I see several people with some cool signature banners... How do you make them? I saw a thread a few days ago that explained it but can't seem to find it now.


----------



## russ010 (Jan 4, 2009)

I made mine with Photoshop... I think there is a program that you can use for free, which is what I think a lot of the guys here did.

I'm not that good with banners - it took me a couple of hours to do the one below


----------



## DocWatson (Jan 5, 2009)

For a FREE alternative to Photoshop go to https://www.gimp.org/. Great little program !!!


----------



## russ010 (Jan 5, 2009)

awesome banner Mike!

What's your AFSC? Mine used to be 2E1x1 (Satellite, Wideband and Telemetry Systems - SWATS), but since they shut down my unit I was transferred to a 2E1x2 (Airfield Systems) which is Air Traffic Control maintenance. Now I have to start all over again, not to mention that I'm eligible for E7, but since I'm double slotted I can't get promoted and probably won't unless I transfer into another career field. That is the only bad thing I can think of for the Air Guard - no slots = no promotion. But then again we get rank a lot easier than you active guys do. Thanks for serving!


----------



## ACarbone624 (Jan 5, 2009)

I used Photoshop...but there are free alternatives out there.


----------



## baptistpreach (Jan 5, 2009)

Here's an embarrasing Q, how do I add a signature??? I haven't found that place here yet!


----------



## russ010 (Jan 5, 2009)

baptistpreach said:


> Here's an embarrasing Q, how do I add a signature??? I haven't found that place here yet!



Follow these clicks:

1 - click on User Control Panel in the top left portion of this page 
2 - click on Profile
3 - click on Edit Signature

That should get you rolling


----------



## b8chsr (Jan 5, 2009)

Thanks Russ - I'm a Aircraft Hydraulicsman by trade (2A6X5), right now I'm in a Flight Chief billet. Currently I work on the CV-22 Osprey... flies like an airplane lands/takes off like a helicopter. Pretty cool technology. I see your're in GA do you pull weekends at WR? 

Anyway I tried for about 2 hrs on photoshop last night to get something worked up and another hr on GIMP, with nothing created.... :x I'll try again tonight.


----------



## russ010 (Jan 5, 2009)

I'm Guard, not active... but I'm originally from South Carolina, so when I moved to GA, I didn't transfer because my Dad is the State Command Cheif there and it's good having a little pull when it's needed.

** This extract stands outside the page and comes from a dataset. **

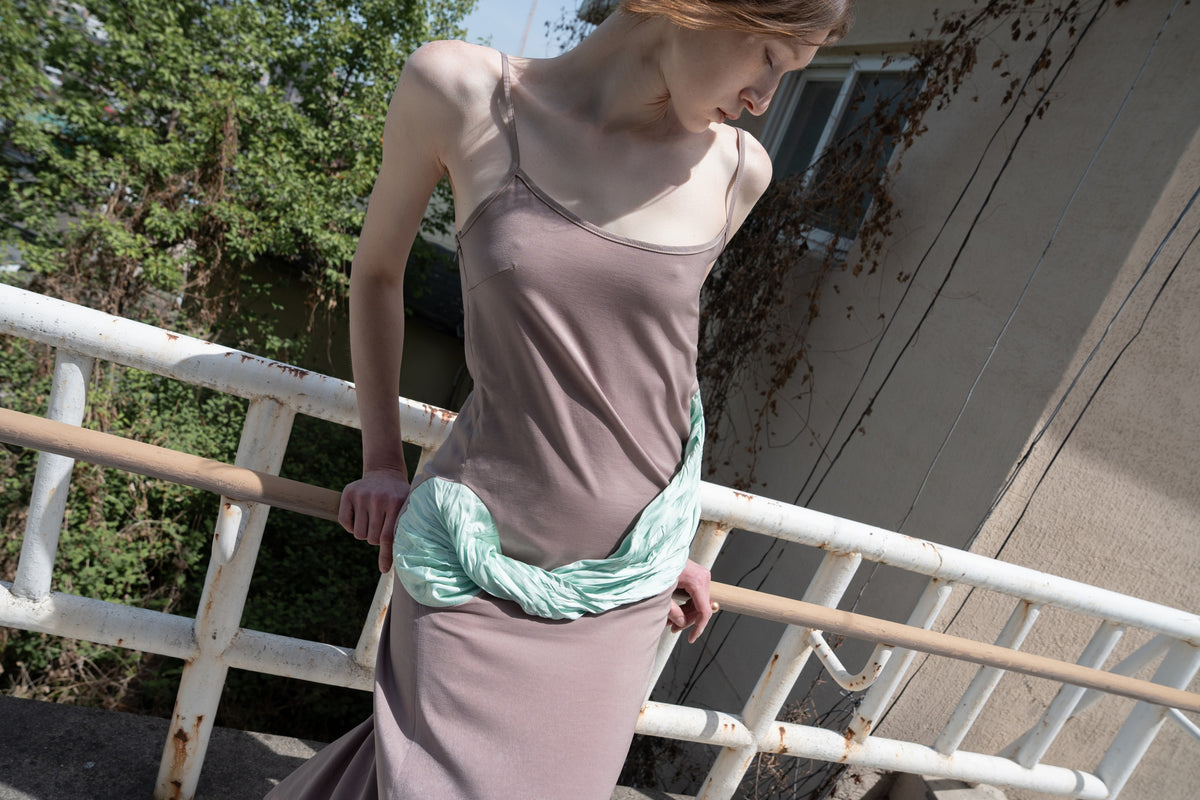 PUNCTUM Vessel - dress (mint)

We have F-16s where I'm at.


----------



## Waterwings (Jan 5, 2009)

b8chsr,

Nice banner, and thanks for your service! 8) 


I thought only the Marines were using the Osprey?


----------



## ShadowWalker (Jan 5, 2009)

Photoshop.

You'll probably need to host it somewhere like imageshack.us or photobucket.com and copy the code into your signature.


----------



## b8chsr (Jan 5, 2009)

I think I figured it out...what do you think......? A few hours with photshop and the internet and you can do anything :mrgreen:


----------



## russ010 (Jan 5, 2009)

sounds like you did the same thing I did with Photoshop, get help from the experts who write the "for dummies" books - what you did looks pretty good!


----------



## Zum (Jan 6, 2009)

Never tried one B4.
I think this photoshop could be neat,if you could figure all the stuff out.
Always had photoshop 7,just never use it,except for resizing for this forum.


----------



## Zum (Jan 6, 2009)

Do you have to post them on imageshack or another outside source to get them here?
Can you take them directly from the gallery or computer?


----------



## russ010 (Jan 6, 2009)

I've got the full blown version of photoshop 7 as well... I've also got the Photoshop7 Bible that I have yet to get into... even though I've had it for about 4 years now.

I have copies of it still with registration keys. I wish I could email it or post it on a website for someone to download, but I can't do anything with it except send it out on a CD


----------



## russ010 (Jan 6, 2009)

Zum said:


> Do you have to post them on imageshack or another outside source to get them here?
> Can you take them directly from the gallery or computer?



I pull mine off of Photobucket - I don't want to use up all of the server space on Jim's website


----------



## Zum (Jan 6, 2009)

Sorry double post.
Figured out the problem as well.


----------